Это был долгий, монотонный, мычащий зов, похожий на рев неведомого зверя, повторявшийся на одной ноте, но нараставший до какого-то утробного вопля. Вот уже несколько минут Трегеллис и остальные слышали этот неясный и странный шум, но не придавали ему значения. Теперь он становился громче с каждой секундой, как будто по коридору шла неизвестно откуда взявшаяся мычащая корова, быстро приближаясь к дверям столовой.

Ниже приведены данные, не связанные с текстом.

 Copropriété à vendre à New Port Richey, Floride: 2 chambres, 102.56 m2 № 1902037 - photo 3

Звук нарастал и делался столь подавляющим, что поверг бражников в недоуменное молчание. Он являл собой нечто необычайное — животное по звучанию, но человеческое по своей натуре — зловещее, бессмысленное уханье и гиканье, от которого в жилах стыла кровь. Они по очереди переглянулись — мужчины в одних рубахах, в нелепых позах застывшие на столах и стульях. Кто мог выть в гулких дворцовых коридорах? Этот немой вопрос застыл в глазах у всех, и только принц смог ответить на него побелевшими губами. Он спустился на стул и застыл, уставившись на дверь выпученными от страха глазами. Снаружи донесся последний ужасный вопль, дверь распахнулась, и в проеме показался безумный король с искаженным гримасой лицом, что-то бессвязно бормотавший себе под нос.

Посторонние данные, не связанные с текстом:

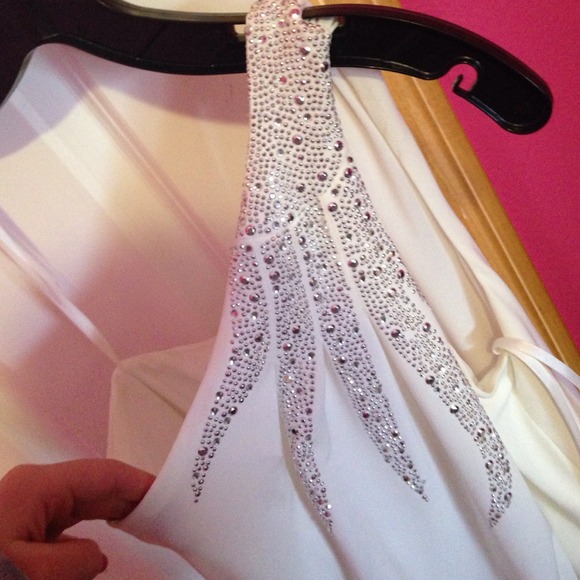 Homecoming dress - Picture 2 of 3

Одет он был в длинный серый халат, из-под которого торчали красные шлепанцы. Его седые волосы стояли дыбом, растрепанная борода покрывала всю грудь, а выпученные глаза бессмысленно вращались. Он застыл на минуту, держась за дверь, — жалкий, сгорбленный старик. Затем рот его широко раскрылся, и вновь комнату огласил долгий, и пронзительный крик. В то же мгновение перепуганные гуляки заметили за его спиной какое-то движение, затем появились лица бежавших со всех ног врачей. Их цепкие руки подхватили короля, его оттащили назад, и дверь с треском захлопнулась за голосящим и извивающимся монархом. Затем в полной тишине раздался глухой стук. Трегеллис ринулся к графину с бренди.
— Ослабьте ему ворот, — хладнокровно приказал он, — и голову держите повыше.
Повинуясь его словам, группка сконфуженных, полупьяных фаворитов подняла тучное бесчувственное тело наследника престола и бережно перенесла его на кушетку.